■ Provided records:
○ ○ ○

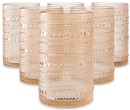 6-Amber-Pearl-Highball-Glasses Sale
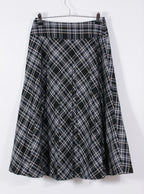 Falda midi cuadrillé evasé | Talla S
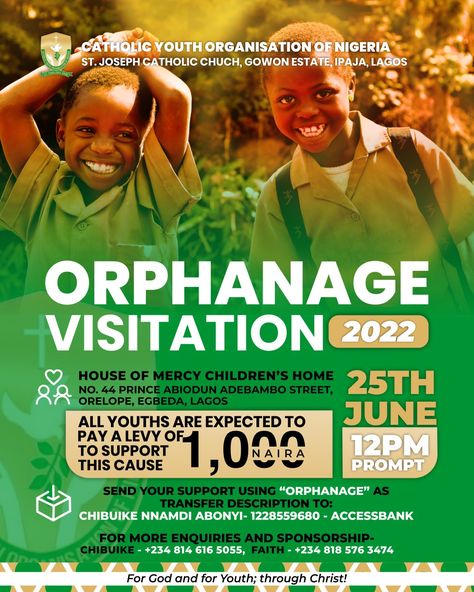 Orphanage Flyer Design, School Pubmat, Orphanage Design, Orphanage Home, October Newsletter, Pubmat Ideas, Charity Ideas, Tarpaulin Design, Charity Poster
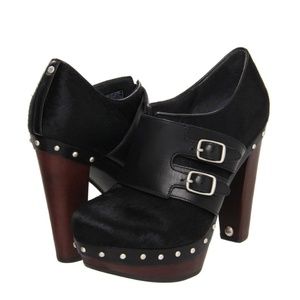 Nwob Ugg illana fur ankle bootie with leather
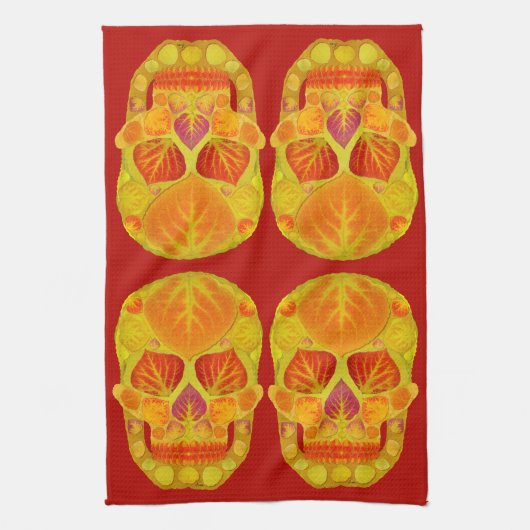 Leeshuid van spen 13 theedoek (Verticaal)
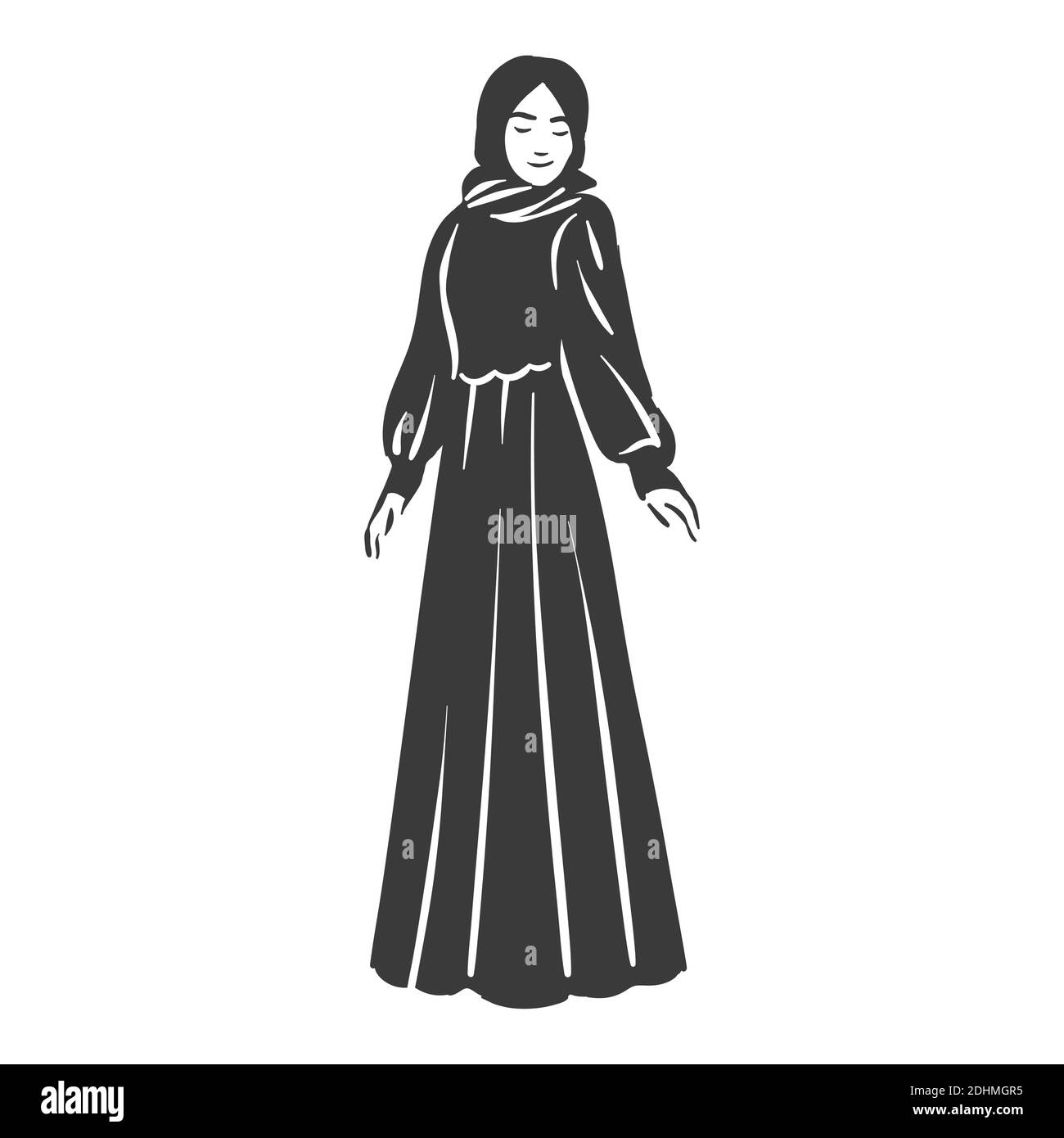 Muslimische arabische islam Frau in Hijab Mode Stock Vektor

○ ○ ○

■ Task goal:
Reproduce exactly the lines of the data above that run from the line with "Orphanage Flyer Design, School" down to the line with "Leeshuid van spen 13 theedoek (Verticaal)", both ends included. Pictures do not belong in the copy.

■ Solution to the problem:
 Orphanage Flyer Design, School Pubmat, Orphanage Design, Orphanage Home, October Newsletter, Pubmat Ideas, Charity Ideas, Tarpaulin Design, Charity Poster
 Nwob Ugg illana fur ankle bootie with leather
 Leeshuid van spen 13 theedoek (Verticaal)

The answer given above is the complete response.